Segment Start: RECORDS SUPPLIED

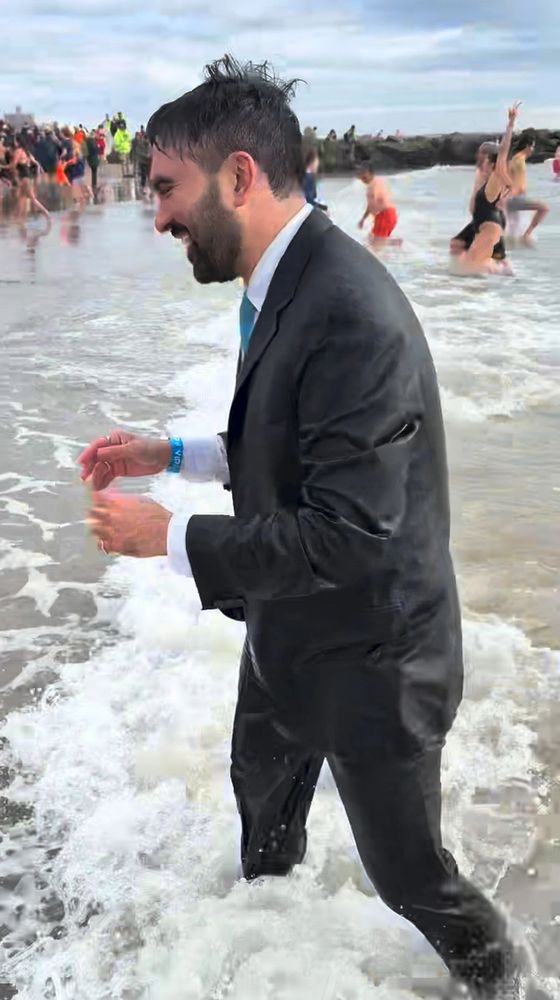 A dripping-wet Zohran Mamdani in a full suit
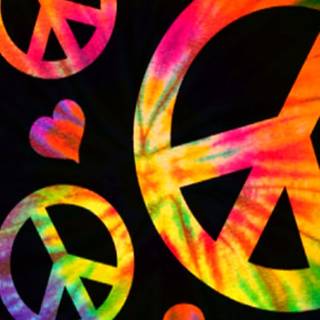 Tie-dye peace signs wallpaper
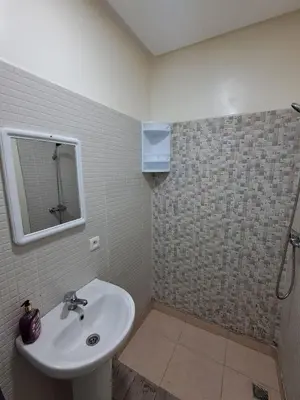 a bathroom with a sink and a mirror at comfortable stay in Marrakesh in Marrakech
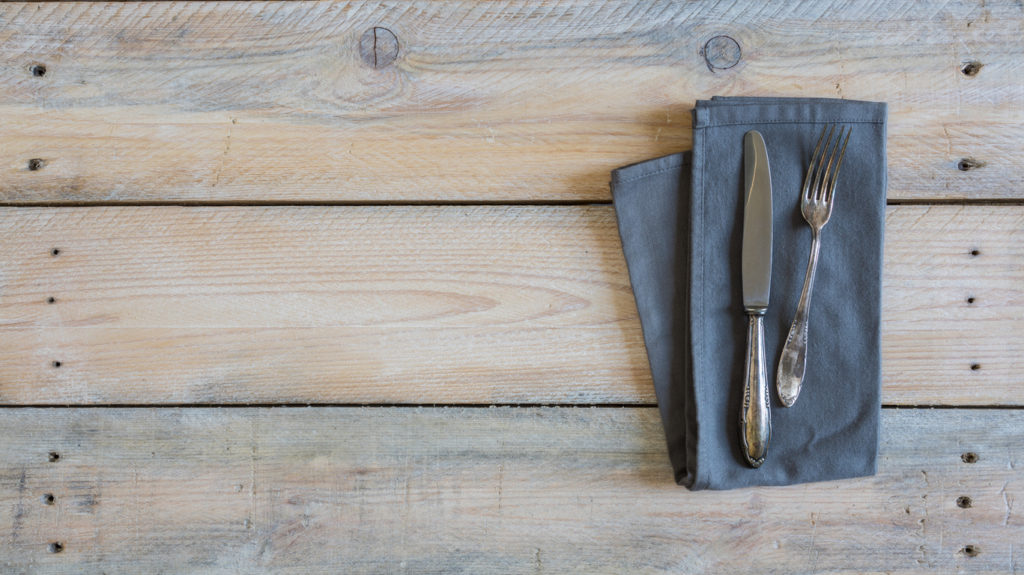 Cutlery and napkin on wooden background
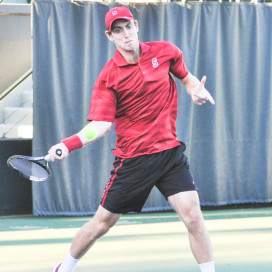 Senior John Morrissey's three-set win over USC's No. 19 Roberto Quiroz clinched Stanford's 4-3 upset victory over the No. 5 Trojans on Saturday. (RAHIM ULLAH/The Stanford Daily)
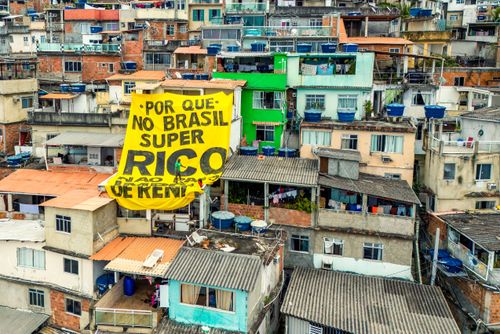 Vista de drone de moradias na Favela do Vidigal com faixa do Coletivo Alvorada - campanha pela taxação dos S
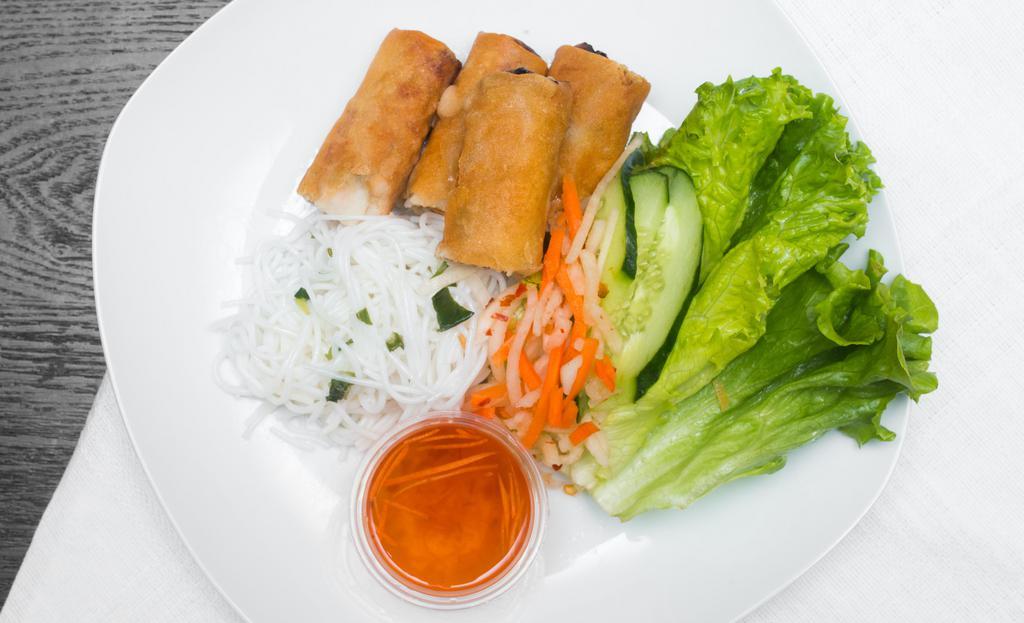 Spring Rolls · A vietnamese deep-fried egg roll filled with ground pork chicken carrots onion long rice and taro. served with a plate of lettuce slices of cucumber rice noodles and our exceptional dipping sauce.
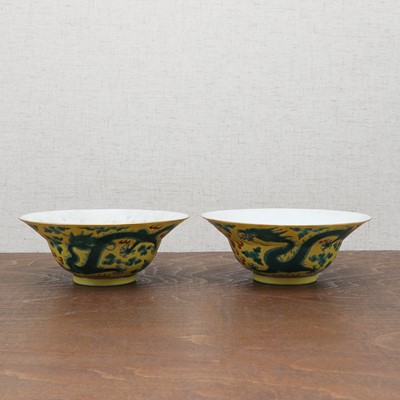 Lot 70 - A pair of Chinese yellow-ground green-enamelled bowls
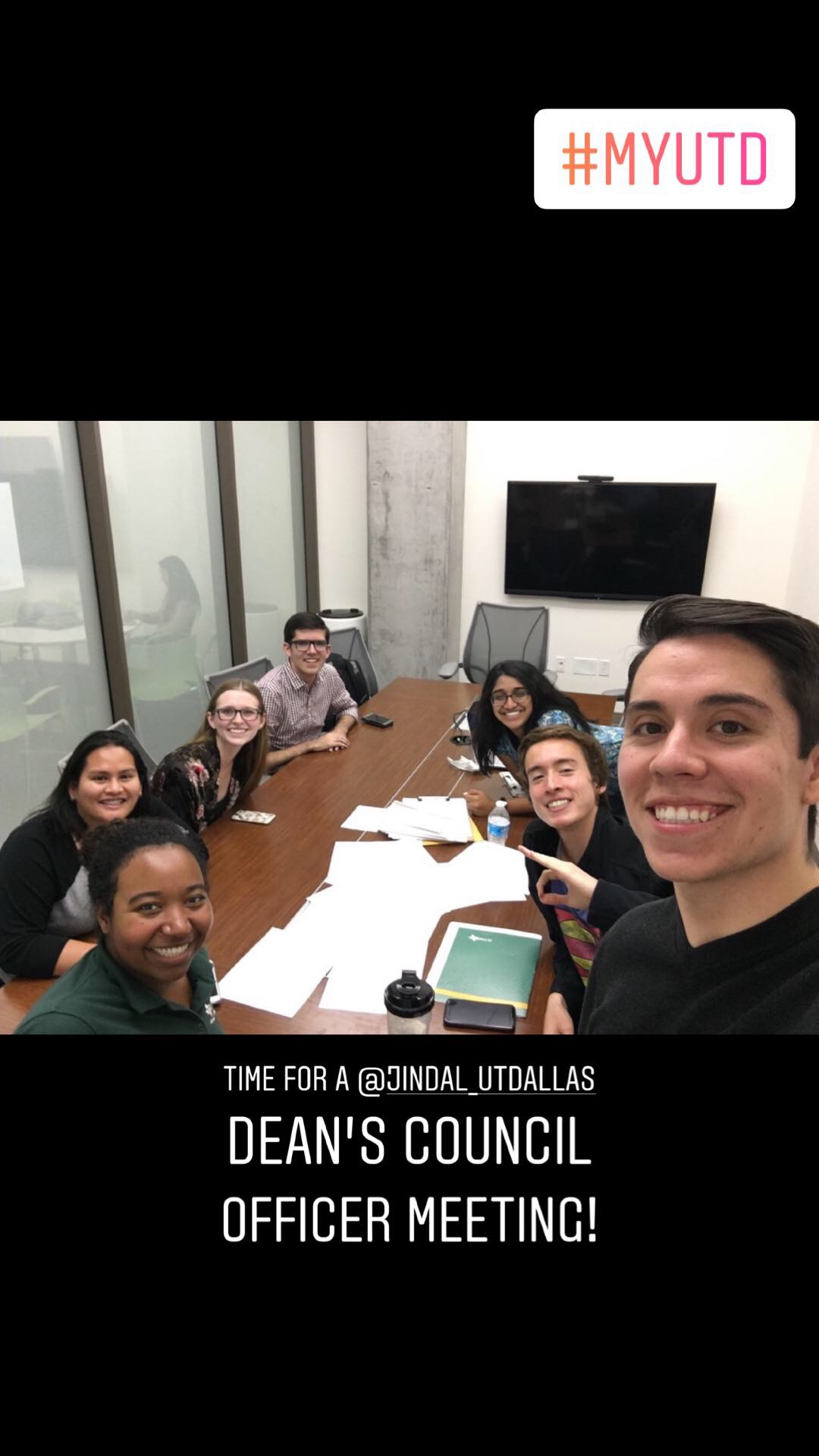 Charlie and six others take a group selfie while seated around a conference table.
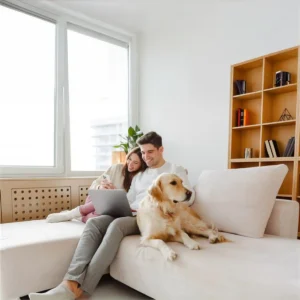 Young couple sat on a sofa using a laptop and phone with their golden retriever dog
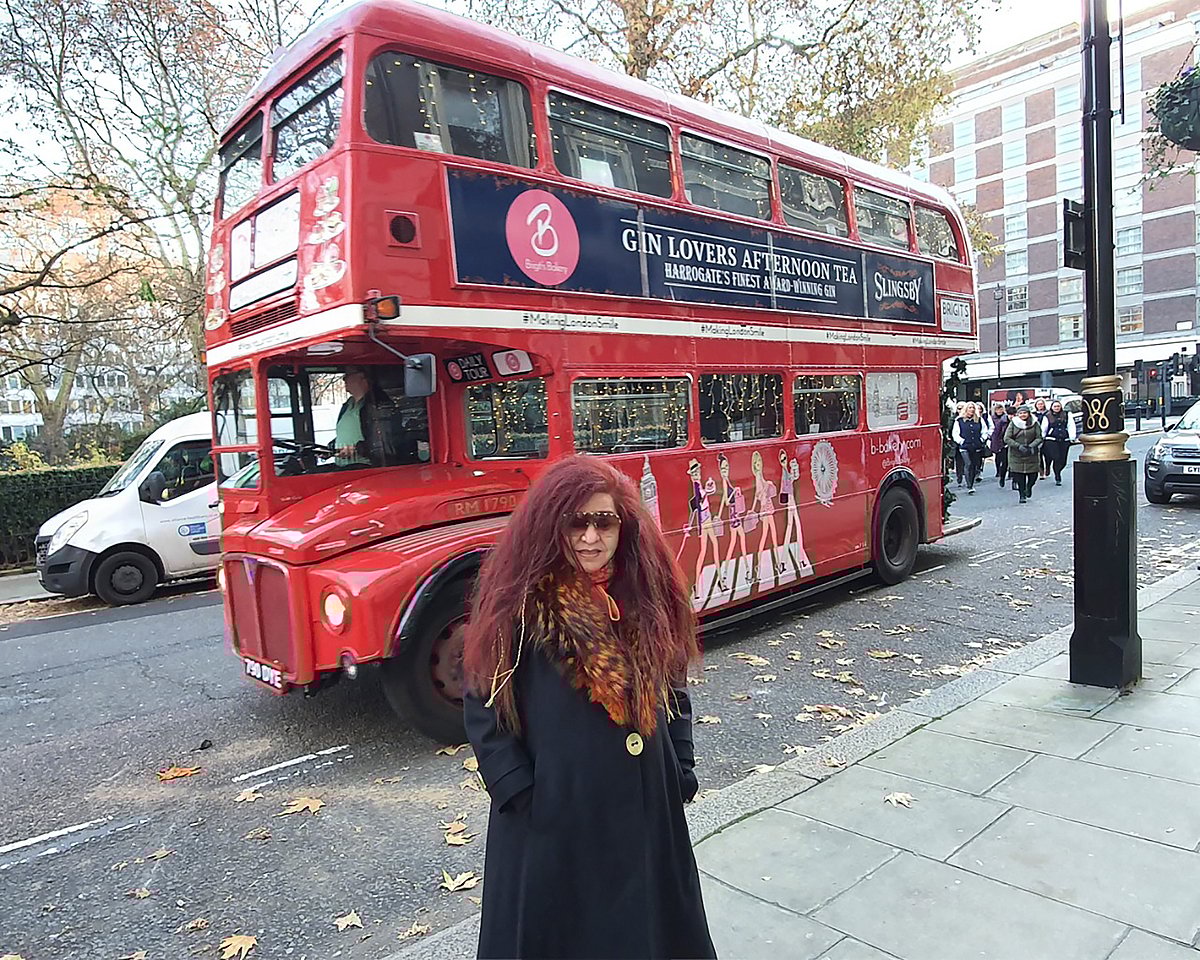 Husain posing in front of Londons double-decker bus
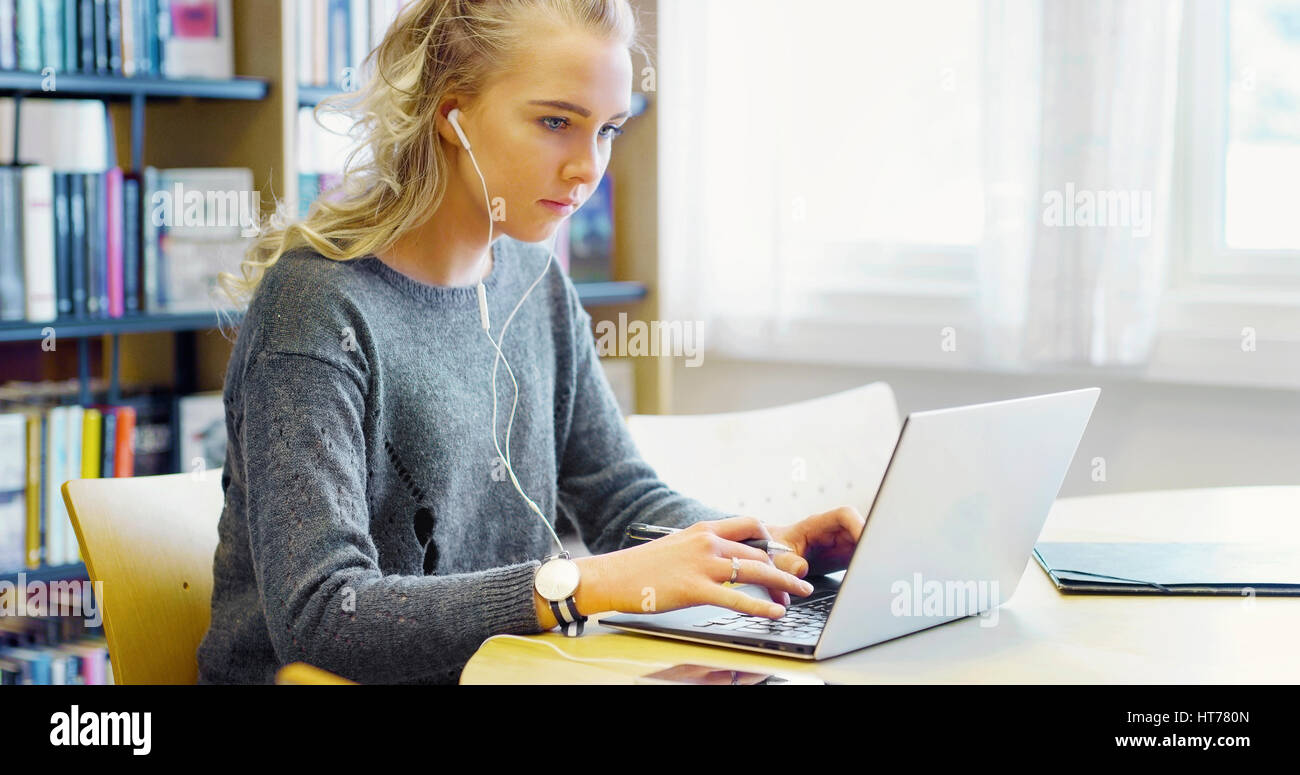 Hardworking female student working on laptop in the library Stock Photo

Segment End: RECORDS SUPPLIED

**ASSIGNMENT:** Retype all the entries word for word; the pictures stay out.

**SOLUTION FOR THIS EXERCISE:**
 A dripping-wet Zohran Mamdani in a full suit
 Tie-dye peace signs wallpaper
 a bathroom with a sink and a mirror at comfortable stay in Marrakesh in Marrakech
 Cutlery and napkin on wooden background
 Senior John Morrissey's three-set win over USC's No. 19 Roberto Quiroz clinched Stanford's 4-3 upset victory over the No. 5 Trojans on Saturday. (RAHIM ULLAH/The Stanford Daily)
 Vista de drone de moradias na Favela do Vidigal com faixa do Coletivo Alvorada - campanha pela taxação dos S
 Spring Rolls · A vietnamese deep-fried egg roll filled with ground pork chicken carrots onion long rice and taro. served with a plate of lettuce slices of cucumber rice noodles and our exceptional dipping sauce.
 Lot 70 - A pair of Chinese yellow-ground green-enamelled bowls
 Charlie and six others take a group selfie while seated around a conference table.
 Young couple sat on a sofa using a laptop and phone with their golden retriever dog
 Husain posing in front of Londons double-decker bus
 Hardworking female student working on laptop in the library Stock Photo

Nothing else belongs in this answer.